Question 1: Does $D^k\neq 0\in CH^k(A,\mathbb{Q})$ imply that $H^{g-k}\cdot D^k\neq 0\in CH^g(A,\mathbb{Q})$?
(As Jason points out, it is necessary to work with $\mathbb{Q}$-coefficients.)
Question 2: Assuming the answer to Question 1 is "yes", is there a simple proof of this fact?
Primarily, we are interested in abelian varieties over $\mathbb{C}$. (As ulrich points out, Kunnemann answered Question 1 affirmatively for abelian varieties over finite fields.)
 A: Let me just explain the statement of the result which alluded to by abx and proved by Beauville. Let $A$ be an abelian variety over $\mathbb{C}$, and let $\operatorname{CH}^*(A)$ be the Chow ring of cycles with rational coefficients modulo rational equivalence.
Beauville considers eigenspaces for the action of pulling back by multiplication by $n$ of $\operatorname{CH}^*(A)$ defined as follows
$$\operatorname{CH}^p_s(A):= \{x\in \operatorname{CH}^p(A) | n^*_Ax = n^{2p-s}x \text{ for all }n\in \mathbb{Z}\}.$$
The Chow ring of $A$ completely decomposes into these eigenspaces. (I believe that conjecturally this decomposition is a splitting of the Bloch-Beilinson filtration, but I couldn't define the latter filtration for you.)
The first observation that can be made is if $D
\in \operatorname{CH}^1(A)$ is topologically trivial (i.e. if
$D$ is in $\operatorname{Pic}^0(A)$), then $D\in \operatorname{CH}^1_1(A)$. This is because pulling back by multiplication by $n$ induces multiplication by $n$ on $\operatorname{Pic}^0(A)$.

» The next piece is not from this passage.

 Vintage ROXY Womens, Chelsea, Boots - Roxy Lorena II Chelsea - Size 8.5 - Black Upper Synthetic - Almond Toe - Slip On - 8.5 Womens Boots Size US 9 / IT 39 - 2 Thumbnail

Second, if we choose $H$ to be a symmetric ample divisor (i.e. choose $H$ to be invariant under $\pm 1$), then $H\in \operatorname{CH}^1_0(A)$, this should follow from the theorem of the square.
Now we state Beauville's result.
Proposition 5.5. (Beauville) If $H$ is a symmetric ample divisor on $A$, then the multiplication map
$$
-\times H^{g-p}\colon \operatorname{CH}^p_s(A) \rightarrow \operatorname{CH}^q_s(A)
$$
is injective for $p+q\le g+s$ and surjective for $p+q \ge g+s$. In particular it is bijective for $p+q=g+s$.
In our situation, we have $D^k \in CH^k_k(A)$. Thus the map of interest is
$$
-\times H^{g-k} \colon \operatorname{CH}^k_k(A) \rightarrow \operatorname{CH}^g_k(A).
$$
Thus we have $p+q=g+s$ in the proposition and therefore the map is an isomorphism, which answers the question.
If $H$ is not symmetric, then one can write $H=H^{sym}+\epsilon$ where $H^{sym}$ is a symmetric ample divisor and $\epsilon\in \operatorname{Pic}^0(A)$. Then the proposition applied to $(H^{sym})^k$ answers the question after the observation that all the terms in the expansion of $(H^{sym}+\epsilon)^{g-k}$ are in distinct eigenspaces in $\operatorname{CH}^{g-k}(A)$.